FBP and Multithreading

The following is an attempt to bring some Flow-Based Programming (FBP) concepts down to first principles... and to try to explain why I keep harking back to the difficulty of implementing FBP without multithreading, and why I suggested to Tom (Young) that we need to add this attribute to his FBP spreadsheet. This article may ramble a bit as my thinking changed a bit as I was writing it! :-) Feel free to come up with counterexamples!

Granted, I am only familiar with a few of the modern programming languages, but I believe that any language which supports threads can support "classical" FBP.

My contention is that there is one essential feature that is needed to support FBP, and that is multiple stacks... In multithreading languages, every thread has its own stack, so these languages aren't a problem. Although the basic requirement is multiple stacks, you need to be able to switch between them within the language, so you really need some kind of multithreading support. So, I have implementations among my GitHub repos for Java, C#, and C++ (using Boost) which in turn supports Lua, and probably there will be others in the future. What would have been nice would have been a multithreaded JavaScript: my JS FBP implementation is based on multiple-stack support for JS by Marcel Laverdet called node-fibers (now "Fiber"), but node-fibers doesn't really fit with the main thrust of JS, and may disappear before it can be widely adopted - see below.

What is rather strange is that two of the most popular FBP-like approaches (to use Joe Witt's suggested term) - NoFlo and Node-RED - are both based on JS, a programming language which IMHO is inappropriate for FBP. JS has Worker threads and Shared threads (?), but it seems that using them would result in prohibitively slow performance. In an article talking about Worker threads by Alberto Gimeno, there is a section entitled "Why we will never have threads in JavaScript". There is also a longish discussion on JSFBP Issue #14.

While I deeply appreciate Henri Bergius' proselytizing skills for putting many of the concepts of FBP on the map (something I never seemed able to do!), it bothers me that NoFlo is still so deeply rooted in the von Neumann paradigm. Without multiple threads, both systems (NoFlo and Node-RED) take a rather convoluted, von Neumann-ish approach to providing some, but not all, of the capabilities of FBP: configurable modularity, asynchronism, separation of concerns between components, but not well-defined lifetimes and ownership of data chunks... The fact that neither of these systems allow more than one input port per process, and also allow one-to-many connections, suggests that the choice of language trumped FBP thinking.

I do understand why von Neumann thinking has such a hold on the IT industry, despite its shortcomings.

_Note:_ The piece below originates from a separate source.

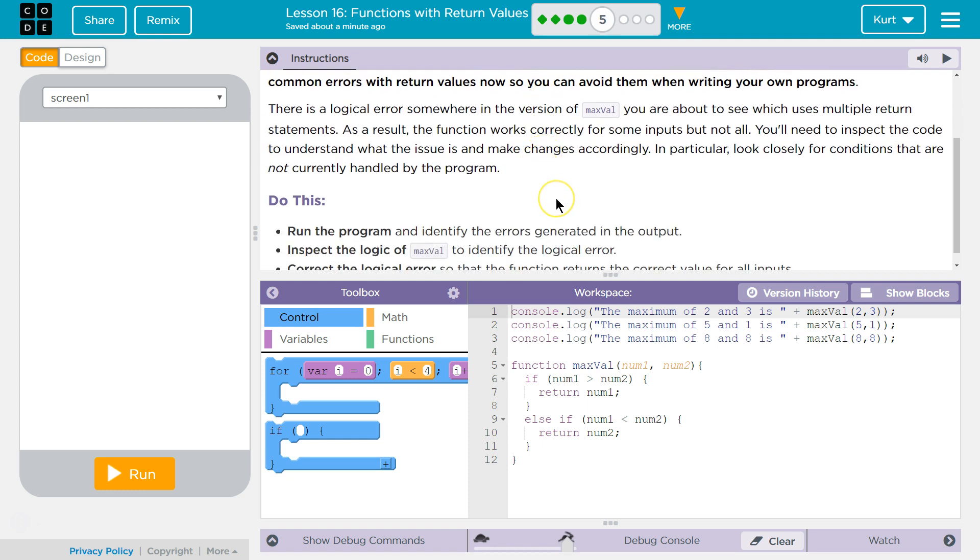There is a logical error somewhere in the version of MaxVal you are about to see which uses multiple return statements. As a result, the function works correctly for some inputs but not others. You'll need to inspect the code to understand what the issue is and make changes accordingly. In particular, look closely for the conditions that are not currently handled.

The thinking goes something like this: "Since the von Neumann architecture can do anything, any problems I have building or maintaining my app must have to do with my own shortcomings, not those of the architecture...", and maybe, "What other way is there to design a computer?" - I remember that, in the early days of computing, we were more open to other architecture possibilities... I would much rather have ("real") FBP be the first paradigm that people encounter when coming into the field for the first time, followed by procedural code, rather than the reverse. Our experience with FBP is that it is most readily accepted by people who are not brain-washed by traditional, von Neumann, thinking or people who have so much experience with it that they have become frustrated with it - this is described exactly in Kuhn's "The Structure of Scientific Revolutions". My personal experience supports this, as my first DP environment wasn't even computer-based: it was IBM's Unit Record, which was, as I say in my book, much more similar to FBP than to conventional programming. As a number of people have said, this means that you have to catch the kids young - before they have time to pick up bad von Neumann-ish habits! Maybe a Scratch-like product that is explicitly Flow-Based. At the very least, as Tom says, FBP should be part of every CS curriculum - you mean, it isn't...?!

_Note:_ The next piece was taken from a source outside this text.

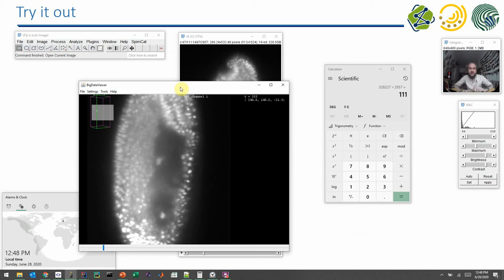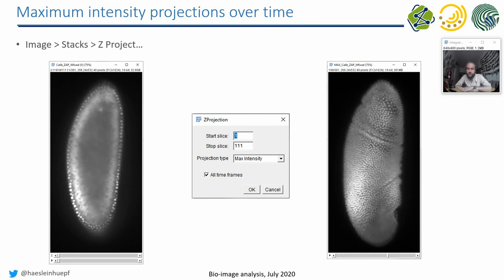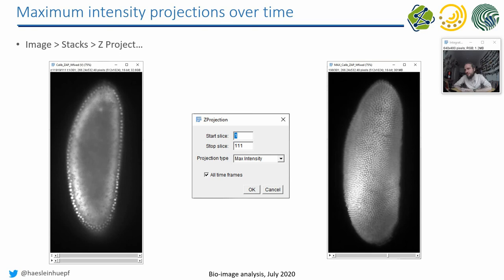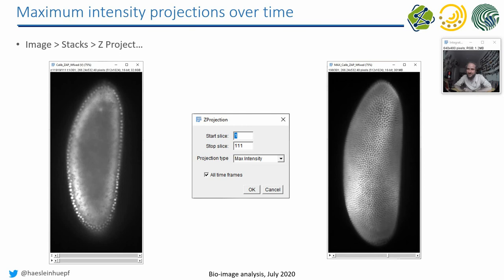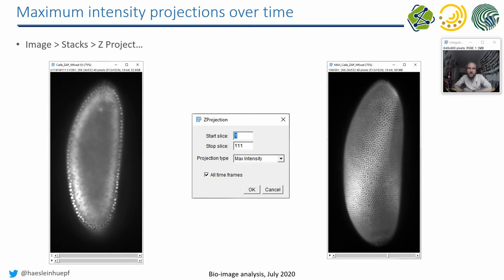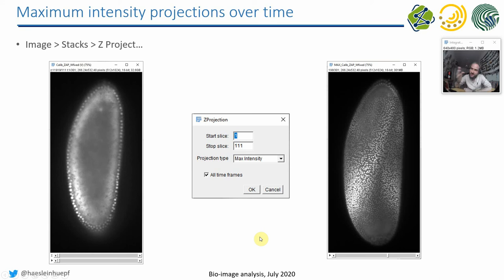We did this last week already: maximum projection. If you loaded such a dataset and you want to see from a certain perspective how the embryo is developing, you can do maximum projections. If you do this with a virtual stack, it may take some time until these datasets are generated. But you can just do that with the same menu as shown last week. Use ImageStackZ project and process all frames. Then you get a video like this where you can have a first look at how the embryo is developing.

The basic problem, as I have always viewed it, is that "real" FBP is an industrial metaphor: individual machines connected by conveyor belts, so each "machine" has to maintain its own internal context. What good would it do if the bottle capper had to share time and resources with the filling machine?! Much of the power of FBP comes from the fact that these contexts cannot interfere with each other. How do you ensure that? IMO the only way is to let each process have its own state, represented by its stack: in multithreaded environments, this happens automatically because each thread has its own stack, and you can switch easily between threads. Without multithreading, but with multiple stacks, you have to resort to hardware-dependent code to switch stacks - you can see an example of this in Switching Stacks . Without multithreading or multiple stacks, things get pretty convoluted! JS gurus have managed to find ways to do some FBP-like things, but they ain't easy!

On the other hand, to support multiple cores and shared storage, I admit you do need some fairly complex locking... but this happens under the covers, and is invisible to the user when using FBP, as it all happens in the infrastructure. Components in FBP just see "send"s and "receive"s. This architecture is called "red threads", and seems to lend itself naturally to "real FBP". So, my implementations of FBP on Github except for JSFBP are all "red" thread implementations - "Real FBP" implementations.

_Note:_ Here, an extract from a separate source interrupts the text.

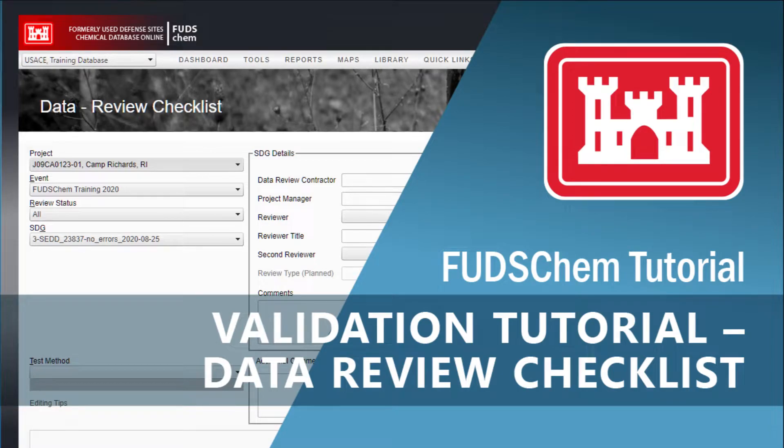This video will go over data validation using the tools built into FUDSCHEM, specifically the Data Review Checklist.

Now, going back in time a little: We developed the first production FBP system, called AMPS, back in the early '70s, and it was in continuous production use for at least 40 years. It was written in IBM's HLASM, and, yes, it had multiple stacks. However, it used "green" threads, so context switches only occurred at service calls, rather than potentially occurring between any pair of instructions, and all I/O was asynchronous (courtesy of IBM software), so no complex locking was required. This was perfectly adequate for production, and indeed AMPS applications performed better than applications written using conventional, synchronous, technology, mainly because a non-FBP program could be held up while a single I/O request was going on (this could even happen with QSAM!), while with AMPS you could have any number of I/O requests proceeding concurrently.

So as long as you have multiple stacks, "green" threads work very well on one core... In this approach, you have a "future events queue", where you park contexts that are waiting to execute. This is in fact how simulation systems work...

I used this approach for my JavaScript implementation (JSFBP), using Marcel Laverdet's "node-fibers" (now apparently called "Fiber"). This works very well on one core, and it's a nice simple mental model, perfectly in line with "real FBP". On the other hand, when you don't have multiple stacks, there is another restriction on FBP-like JS implementations: I think it's called the "top frame" limitation - it means that you can only send or receive in the top frame of the process. Clearly, if you allowed sends and receives from a lower level in any stack, you would have to maintain the state of all levels above it... That's a non-problem when you have multiple stacks...

However the liftetime of JSFBP is probably limited: Marcel warns that node-fibers may suddenly stop working due to the complexity of the NodeJS ecosystem. Chris Hawkes in "Why Programmers Hate the JavaScript Ecosystem" has pointed out the huge number of dependencies that get dragged into a JS application. I notice that JSFBP has waaay more PRs (133) and commits (681) than any of my other implementations (very few of them due to my enhancements or bug fixes), mainly because of almost continuous enhancements to eslint, vulnerabilities in indirectly dependent JS packages, etc., etc.

On the other hand, JavaScript is still popular, possibly because it's the language du jour, and/or because it plays nicely with HTML5, and people seem to want the server and client languages to be the same... What's so difficult about learning more than one language?!!! Look at JavaFBP-WebSockets, which uses JavaScript in the client and JavaFBP in the server, so both languages play to their strengths!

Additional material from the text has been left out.